He could, and still does, though he never had that killer instinct, never could find that groove that Minnesota Fats and Wimpy Lassiter had, that way of making the cue ball dance and then rest on command, as if it was tied to a string.
Wes Lefler's brother had it. His brother stroked like his arm was tracked on oiled bearings, and each muscle of his body seemed alert, sensitive and sure and aware how every ball would roll, of how, exactly, every shot must be made. Wes never shot like that. Never practiced enough, or maybe it was the fuzzy way he saw things through his right eye, the sighting eye. Wes Lefler's brother was a shark. Wes Lefler is a minnow.
But at Cue 'n Chalk he plays Table No. 1. Seniority, mostly, a station reached across the expanse of years before video games, when Paul Newman as Fast Eddie was on the screen and Weenie Beanie was in Shirlington, setting up trick shots down at the Jack and Jill Cue Club before it closed. Years of 72-hour games, of $10,000 exchanged between the chalk and talc stained hands of traveling hustlers.
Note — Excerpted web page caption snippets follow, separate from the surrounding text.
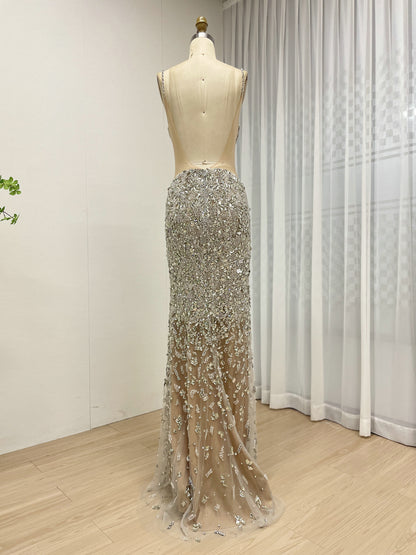 Sexy Silver Cutout Gown Beaded Mermaid Dress Illusion Mesh Maxi Dress MC20110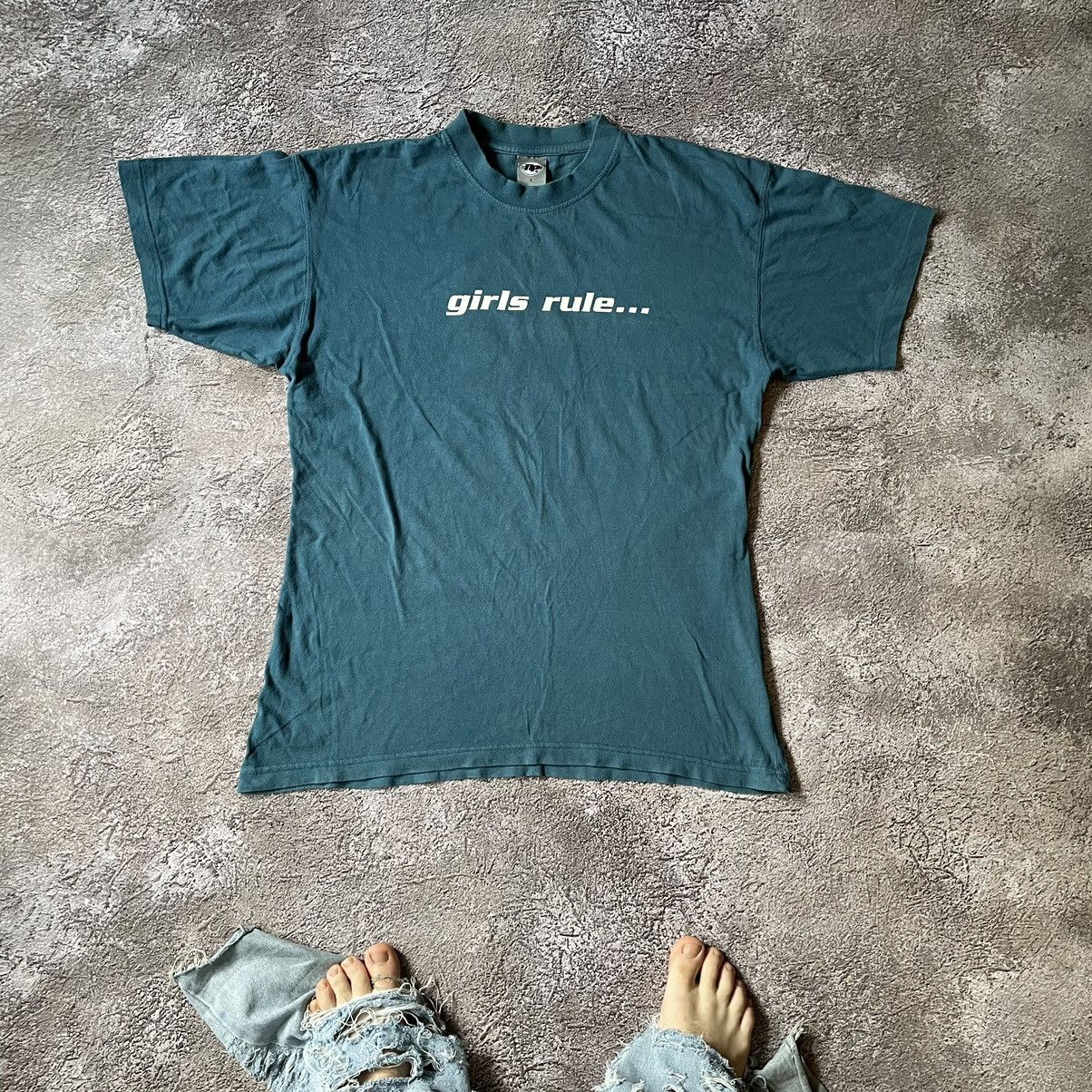 Vintage Vintage Y2K Sun Faded Graphic Tee Girls Rule Streetwear L Size US L / EU 52-54 / 3 - 2 Thumbnail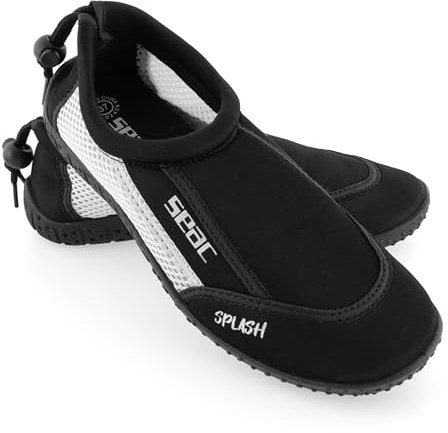 SEAC Splash, Adult and Children's Rock Shoes, Quick Drying, Shoes for The Sea, Beach and Pool, Black/White, 4.5 UK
Lefler and Slade play for a friendly dollar a game, the game being one-pocket, the stakes not for rent or Cadillacs but for whittling hours. Win or lose maybe $5 in six hours. Table No. 1 is also the table clear on the other side of the room from the pay telephone, where teen-agers sip Slurpees through little straws that have a spoon on one end.
Wes Lefler's pocket is the left foot, the pocket at the bottom of the 4 1/2-by-9-foot table, the pocket wayyy downtown. His competitor, Slane, has the right foot, and the first one to sink eight balls will win. So far, Slane has sunk five, Lefler, one.
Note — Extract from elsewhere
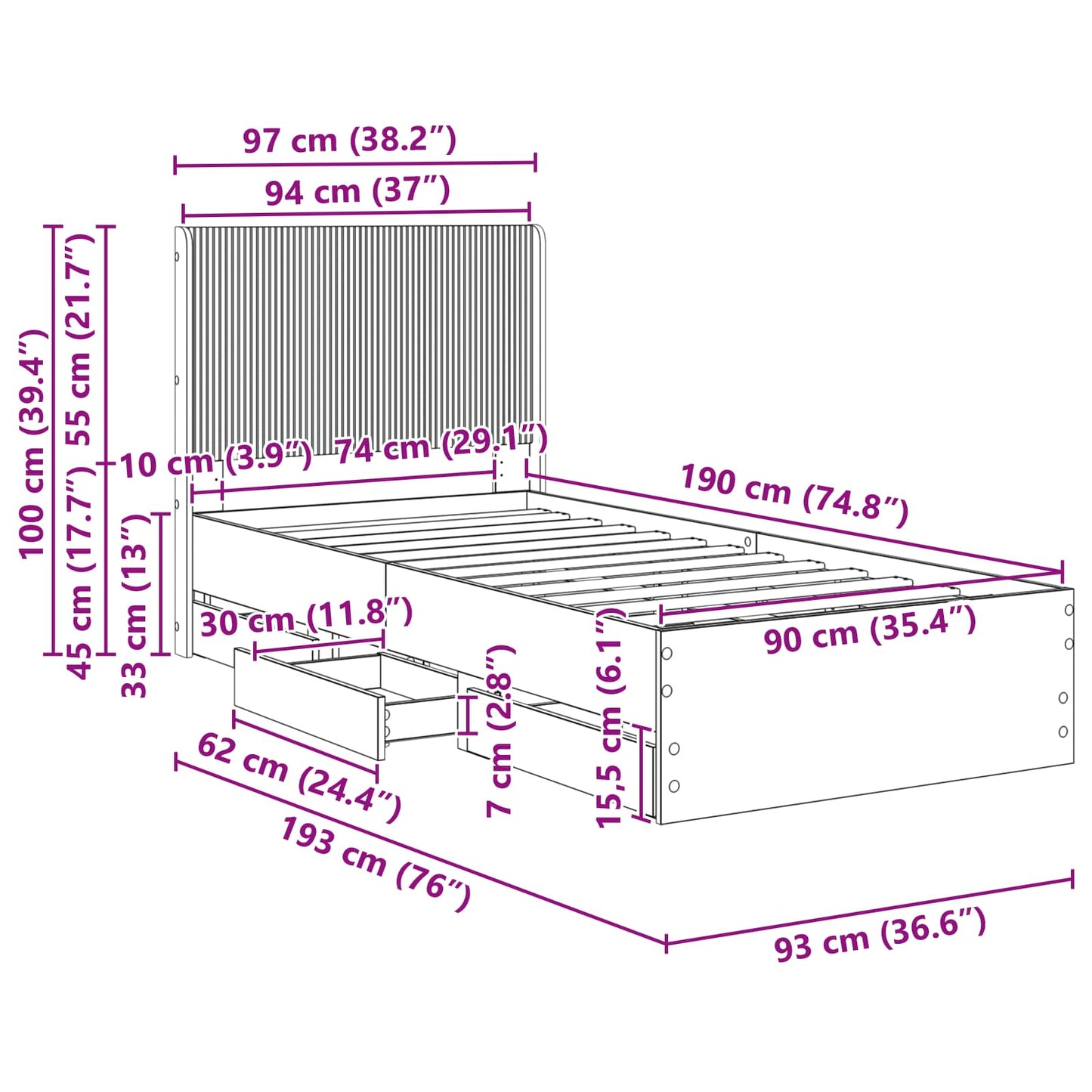 Sengramme med oppbevaring og hodegavl Hvit 90 x 190 cm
Now Lefler is lining up a bank shot, readying to finesse the white cue off the right rail and bring it back to tap the red three, make it click, plunk into the pocket. The leather tip of his cue is poised a few inches from the cue ball, supported by three tipless fingers, and a muscle stands atop his forearm, tensed and tapered in a forest of black and gray hairs. Thick brows shadow his eyes, the bad right one that he squints, the left one that is wide, and thick cheekbones shadow his cheeks, bordered by silver sideburns he combs back gracefully over his ears. He strokes, the cue ball rolls, banks off the rail, taps the red three, hits another rail, taps the red three again, deflects it from the pocket.
"Got-damn," Wes Lefler whispers, and retrieves his filterless Camel from the edge of the table. Through the smoke, his voice comes out thick-lipped and graveled, like a country and western singer. He smiles.
"If I was here to win money, I woulda been gone a long time ago."